Here are 13 resources on Machine Learning data sets.
Landsat 8 data is available for anyone to use via Amazon S3. All Landsat 8 scenes from 2015 are available along with a selection of cloud-free scenes from 2013 and 2014. All new Landsat 8 scenes are made available each day, often within hours of production. MathWorks has created a freely-downloadable tool for accessing, processing, and visualizing Landsat on AWS data in MATLAB. With this tool, you can create a map display of scene locations with markers that show each scene’s metadata.
Category: GIS, Sensor Data, Satellite Imagery, Natural Resource
NASA NEX is a collaboration and analytical platform that combines state-of-the-art supercomputing, Earth system modeling, workflow management and NASA remote-sensing data. Through NEX, users can explore and analyze large Earth science data sets, run and share modeling algorithms, collaborate on new or existing projects and exchange workflows and results within and among other science communities.
A corpus of web crawl data composed of over 5 billion web pages. This data set is freely available on Amazon S3 and is released under the Common Crawl Terms of Use.
The 1000 Genomes Project is an international collaboration which has established the most detailed catalogue of human genetic variation, including SNPs, structural variants, and their haplotype context. The final phase of the project sequenced more than 2500 individuals from 26 different populations around the world and produced an integrated set of phased haplotypes with more than 80 million variants for these individuals.
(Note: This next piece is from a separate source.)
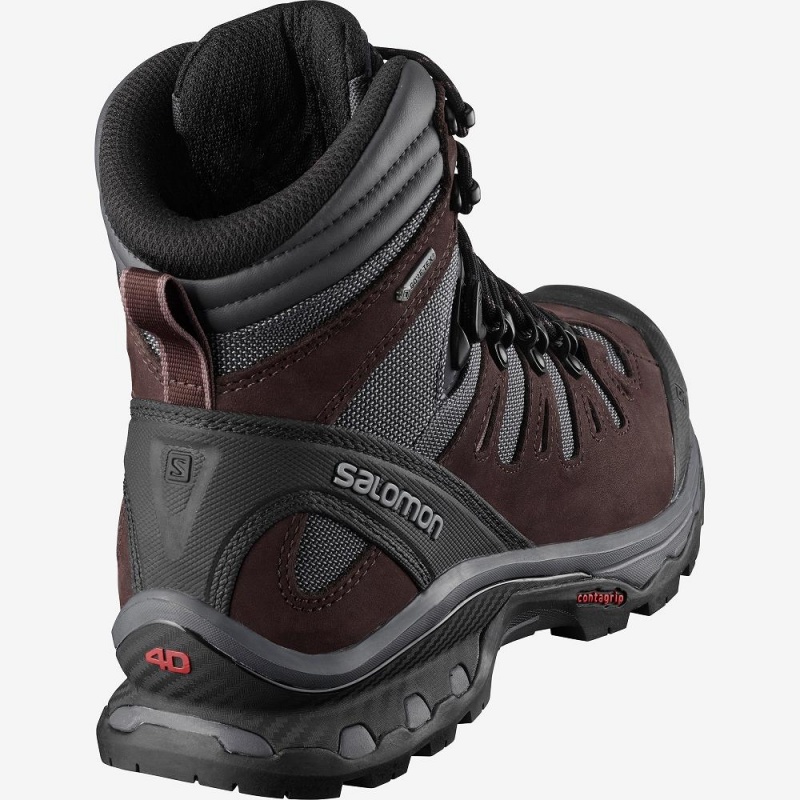 Salomon Quest 4D 3 Gtx W Trekking Damen Gray | 84723-IGTX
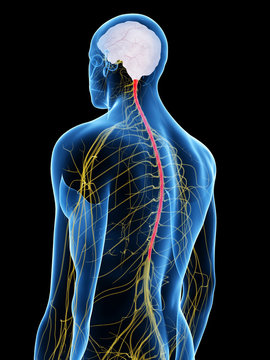 3d Rendered Medically Accurate Illustration Of The Spinal Cord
The Amazon mirror contains the complete data set from the project and the data can be found at: s3.amazonaws.com/1000genomes.
MNIST database of handwritten digits
The MNIST database of handwritten digits, available from this page, has a training set of 60,000 examples, and a test set of 10,000 examples. It is a subset of a larger set available from NIST. The digits have been size-normalized and centered in a fixed-size image. It is a good database for people who want to try learning techniques and pattern recognition methods on real-world data while spending minimal efforts on preprocessing and formatting.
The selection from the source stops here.